Day-to-day Stock market prediction using machine learning


Machine Learning can play a key role in a wide range of critical applications. In machine learning, Linear Regression (LR) and Support Vector Machines (SVMs) are widely used to predict the stock market. But SVM has advanced features such as high accuracy and predictability. The nature of the stock market movement has always been ambiguous for investors because of various influential factors. The prediction of a stock market direction may serve as an early recommendation system for short-term investors and as an early financial distress warning system for long-term shareholders. Forecasting accuracy is the most important factor in selecting any forecasting method. The appropriate stock selections that are suitable for investment is a very difficult task. The key factor for each investor is to earn maximum profits on their investments. We use the Support Vector Machine Algorithm (SVM) for predicting the accurate value of day to day stock market.
Why: Problem statement
Recently, a lot of interesting work has been done in the area of applying Machine Learning Algorithms for analyzing price patterns and predicting stock prices. Most stock traders nowadays depend on Intelligent Trading Systems which help them in predicting prices based on various situations and conditions. Recent researches use input data from various sources and multiple forms. Some systems use historical stock data, some use financial news articles, some use expert reviews while some use a hybrid system that takes multiple inputs to predict the market. Also, a wide range of machine learning algorithms is available that can be used to design the system. These systems have different approaches to solving the problem. Some systems perform mathematical analysis on historic data for prediction while some perform sentiment analysis on financial news articles and expert reviews for prediction. However, because of the volatility of the stock market, no system has a perfect or accurate prediction.
How: Solution description
Investors are familiar with says, buy low and sell high but this does not provide enough context to make proper investment decisions. Before an investor invests in any stock, he needs to be aware of how the stock market behaves. Investing in a good stock but at a bad time can have disastrous results, while investment in a mediocre stock at the right time can bear profits. Financial investors of today are facing this problem of trading as they do not properly understand which stocks to buy or which stocks to sell in order to get optimum profits. Predicting the long term value of the stock is relatively easy than predicting on a day-to-day basis as the stocks fluctuate rapidly every hour based on the world.
A support vector machine (SVM) is a supervised machine learning model that uses classification algorithms for two-group classification problems. After giving an SVM model set of labelled training data for each category, they’re able to categorize new text.

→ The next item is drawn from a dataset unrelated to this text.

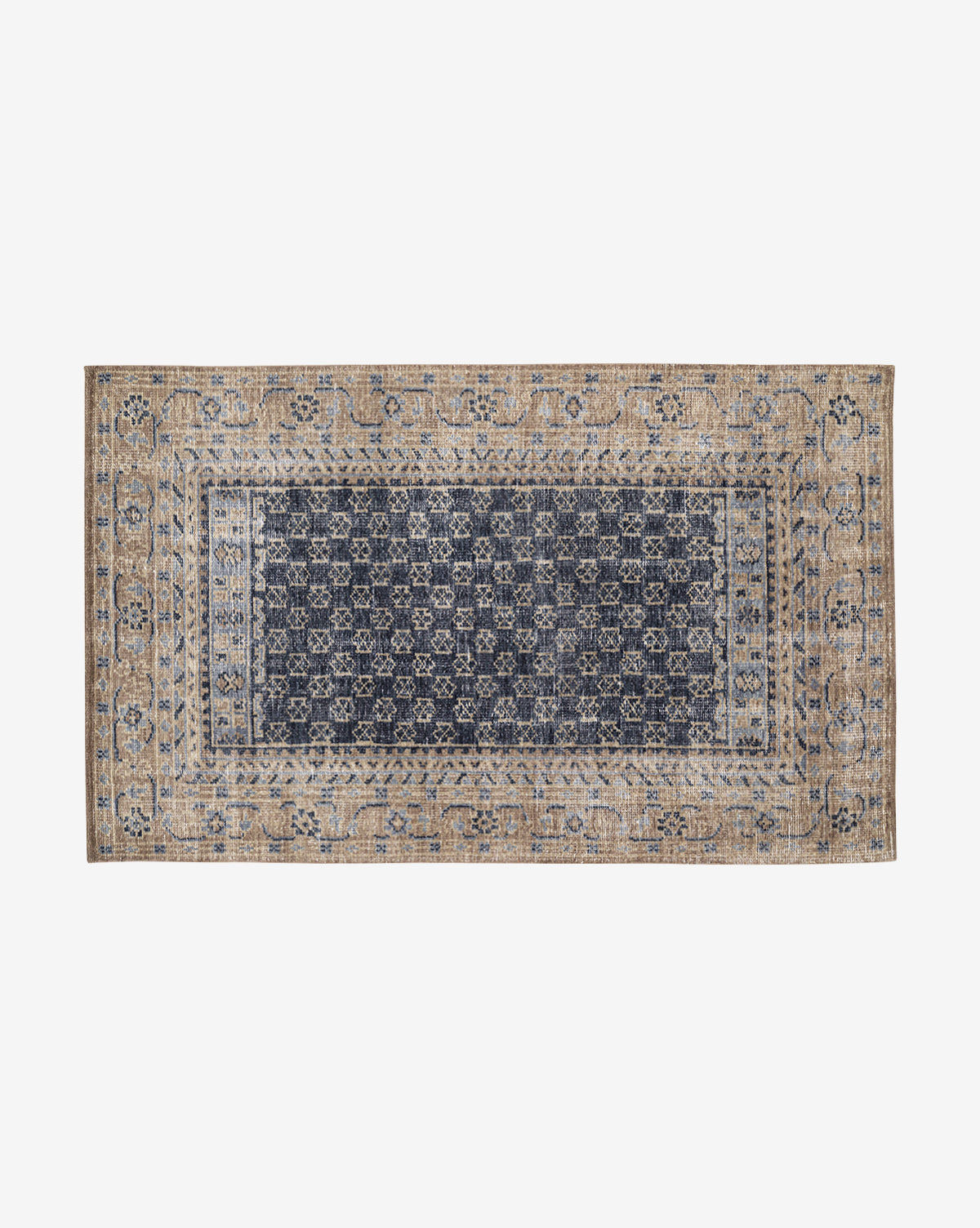 The Anya Indigo Hand-Knotted Wool Rug features a dark blue geometric center with a wide beige border of intricate florals and vines, blending traditional elegance with transitional style, by McGee & Co.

Compared to newer algorithms like neural networks, they have two main advantages: higher speed and better performance with a limited number of samples (in the thousands). This makes the algorithm very suitable for text classification problems, where it’s common to have access to a dataset of at most a couple of thousands of tagged samples.
How is it different from competition
Our solution uses a different algorithm and different techniques to perform the prediction. We are using Support Vector Machines with C type classification and Radial Basis Function(RBF) kernel. And we use a Decision tree to predict the stock market. This project is useful for both Long and Short term shareholders.
It uses SVM and Decision Trees which have better performance than Neural networks. Moreover, using SVM will take away the burden of matching the present price pattern with historic patterns and also SVM trains faster than a NN and has a lower computational cost. Also, other solution uses the financial data as it is without using any indicators, whereas our solution uses many indicators such as EMA, RSI, MACD, SMI, CCI, ROC, CMO, WPR and ADX to get better results.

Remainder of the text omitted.